Tras muchos años esperándolo, conseguí reservar unas vacaciones a Formentera, donde habían rodado aquella película que tanto me impactó, hace unos 10 años. Pero desgraciadamente, Enrique tuvo que cancelar su plan por obligaciones laborales, así que me fuí yo sola, un poco como Lucía, para tratar de estar más aquí que allí.
A menudo, me sentaba en las mesas del lounge y pensaba en cómo explicarle lo bonita que era la puesta de sol desde allí. Supongo que la golden hour no tiene traducción a ningún idioma, se vive pero es imposible contarla. De ahí, mi sentimiento de victoria cuando, un año después lo tenía ahí, frente a mí, temblando de euforia al ver esa loncha de queso de cabra bajo el sol del atardecer.

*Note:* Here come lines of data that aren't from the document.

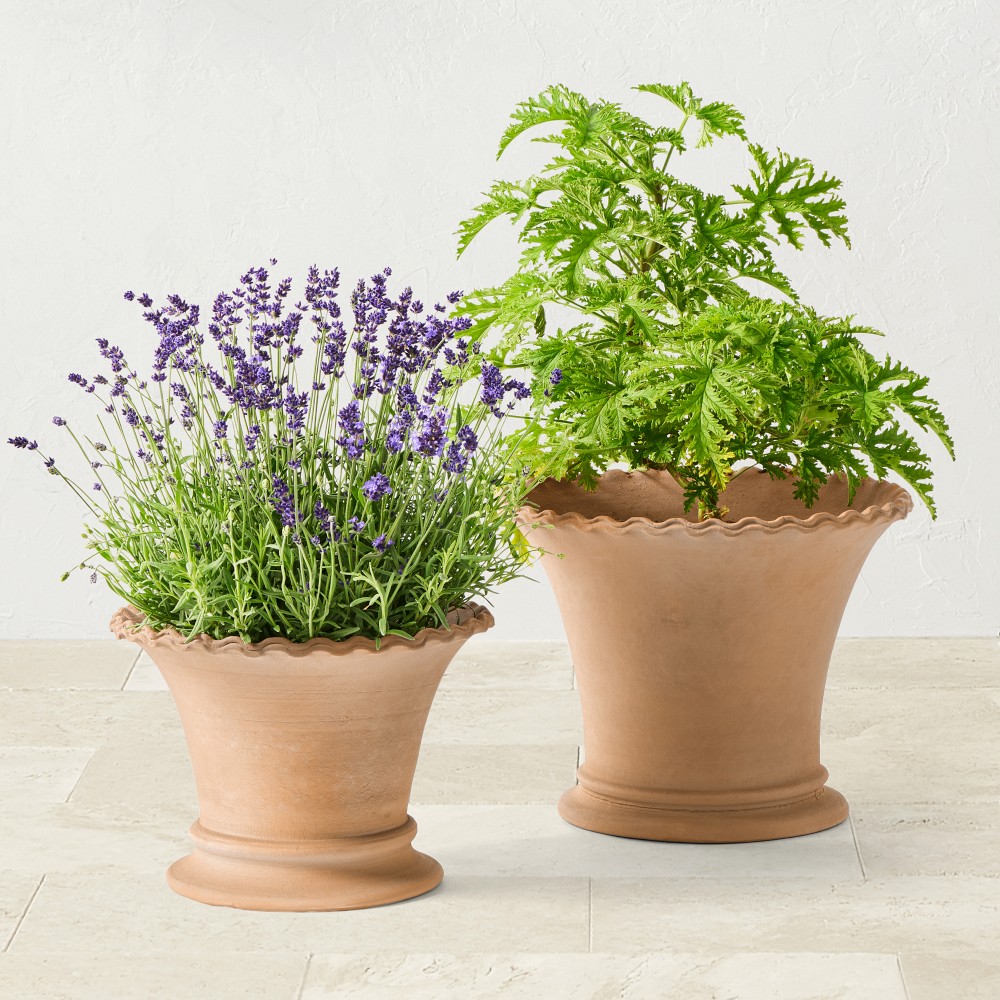 Williams Sonoma Terracotta Rope Trim Planter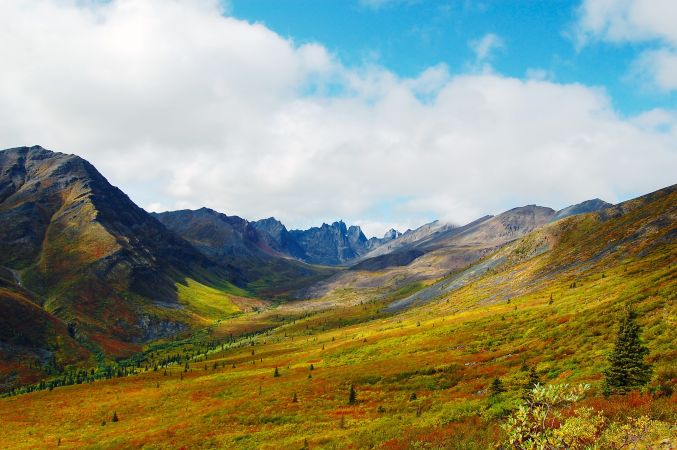Der Yukon in satten Herbstfarben © Diamir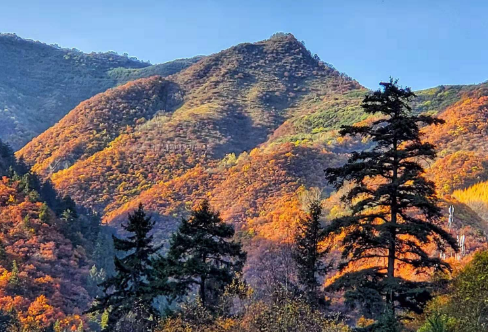 1720026661194675.png image.png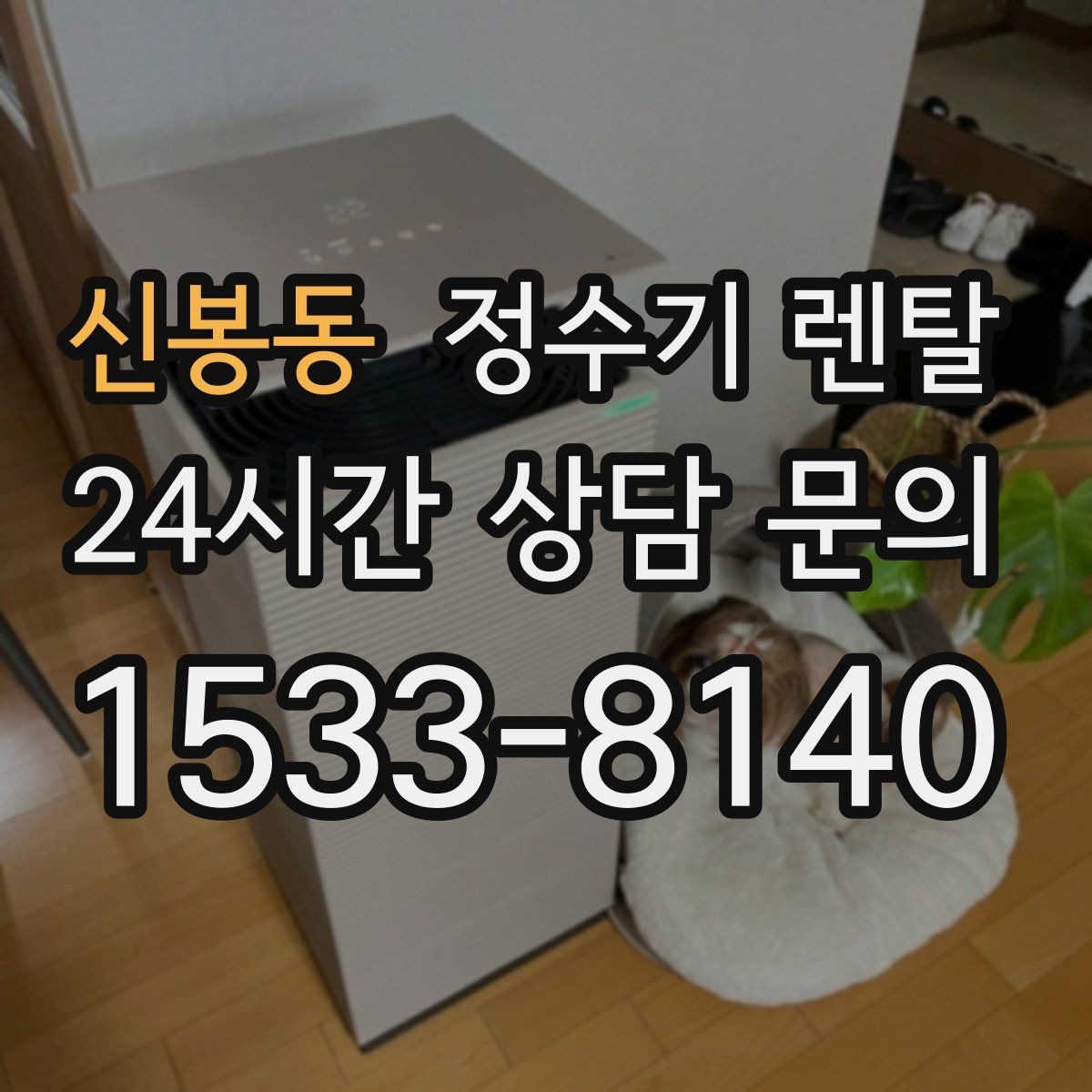신봉동 정수기 렌탈 미네랄 유지형이 좋은 사람들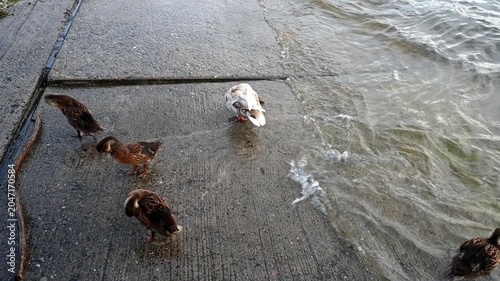 Real Time of Female Mallard Duck Mother with Ducklings family cleaning feather on Lake Geneva Shore in Switzerland.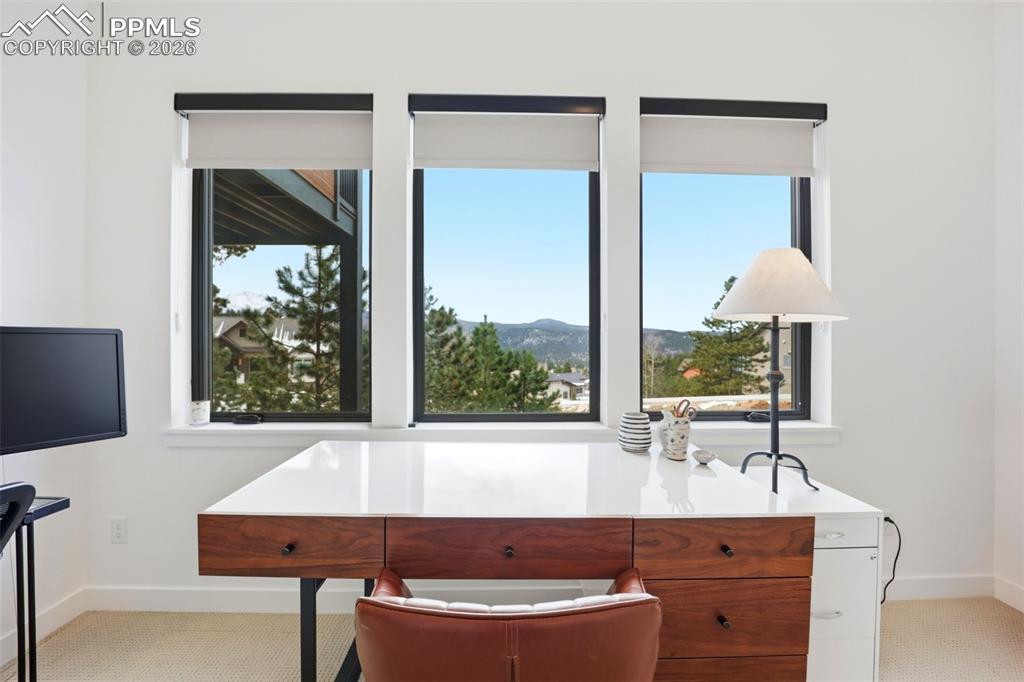 1005 Locklin Way Woodland Park CO 80863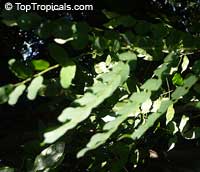 Adenanthera pavonina, Adenanthera gersenii, Adenanthera polita, Corallaria parvifolia, Red Sandalwood, Coral Bean Tree, Saga , Sagaseed Tree, Red-bead Tree, Raktakambal, Kokriki Adenanthera pavonina, Adenanthera gersenii, Adenanthera polita, Corallaria parvifolia, Red Sandalwood, Coral Bean Tree, Saga , Sagaseed Tree, Red-bead Tree, Raktakambal, Kokriki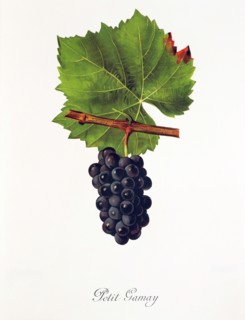 Ampelograhie. grape variety science. oenology. viticulture. grape. grapevine. Petit Gamay grape.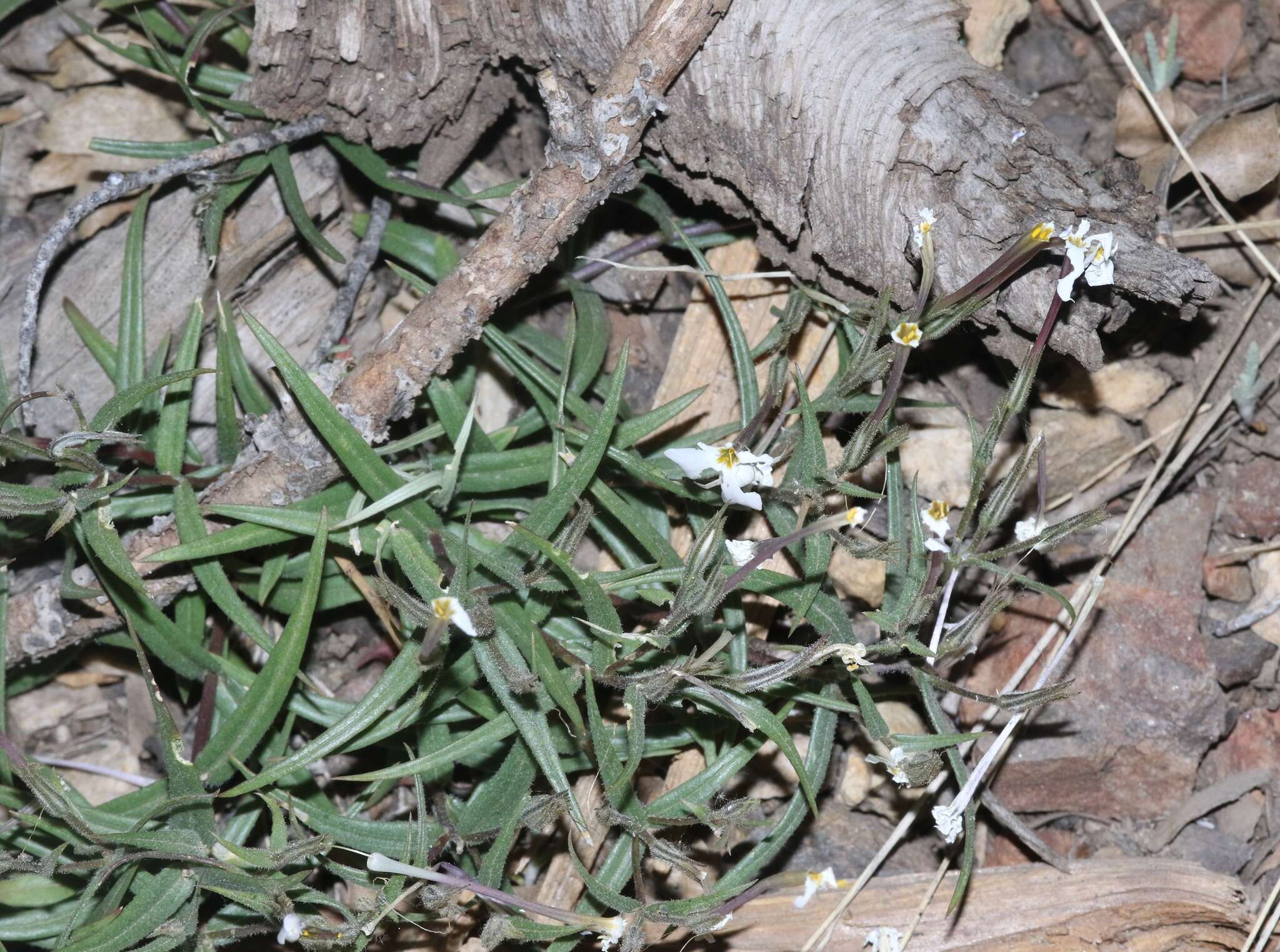 Image of Big Bear Valley phlox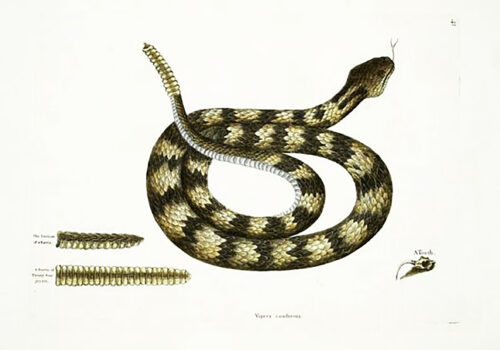 Print of a rattle-snake by Mark Catesby. New York Public Library Rare Books Division.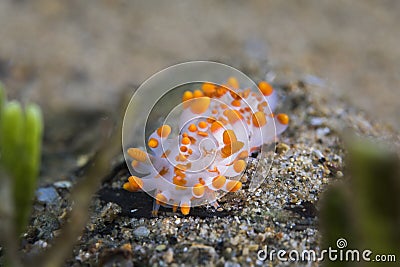 Orange-clubbed sea slug Limacia clavigera white-bodied dorid Stock Photo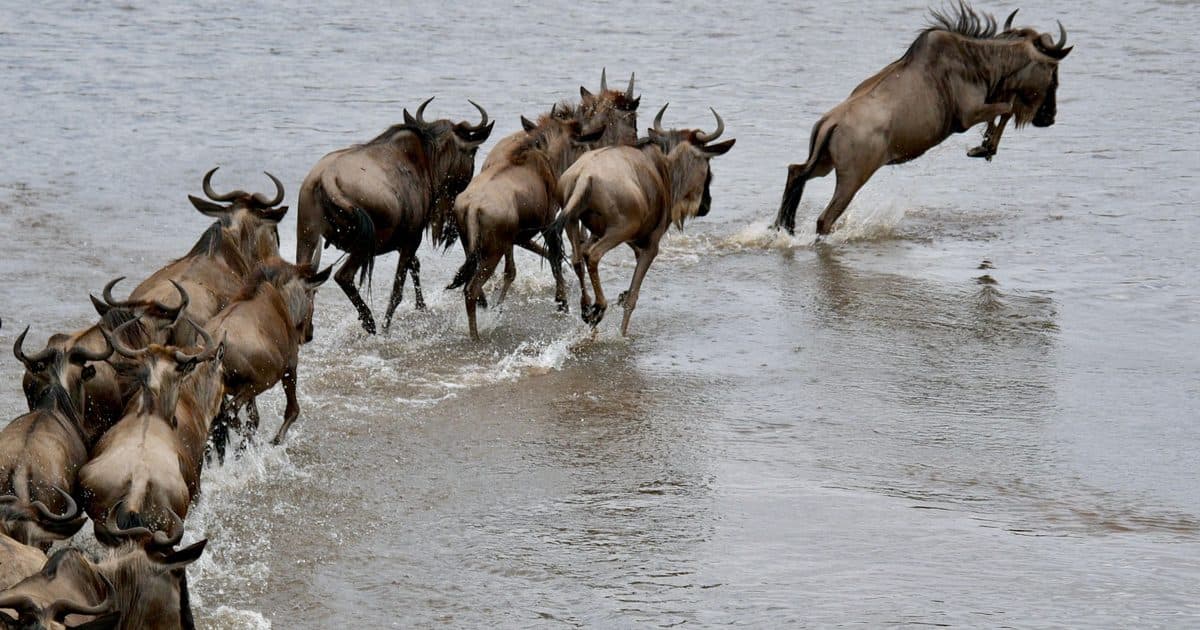 Ñus saltando al cruzar un río durante la Gran Migración, con el agua salpicando alrededor de la manada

Supongo que la vida, es un poco como las vacaciones. Puedes ir tú solo y será interesante, enriquecedor en muchos sentidos, pero nunca comparable a lo que se siente cuando las compartes con alguien que quieres de verdad. Sin dejarme llevar por la melancolía, me doy cuenta de que el vacío de mis verdaderos amigos (y familiares con los que me relaciono) es algo que acarrearé de por vida, hasta que las circunstancias nos permitan vernos algo más que un par de veces al año.
Hay quien me tiene por fuerte, pero también tengo un límite. Trato de adaptarme, pero en el fondo resuena esa voz que me recuerda que soy muy diferente; ésa misma que se siente tan cómoda, comprendida y querida, cuando os tengo cerca. Trato de ignorarla, pero es inútil. No puedo evitar la melancolía, ni echarles de menos, pues hemos crecido juntos y de alguna forma, somos parte los unos de los otros.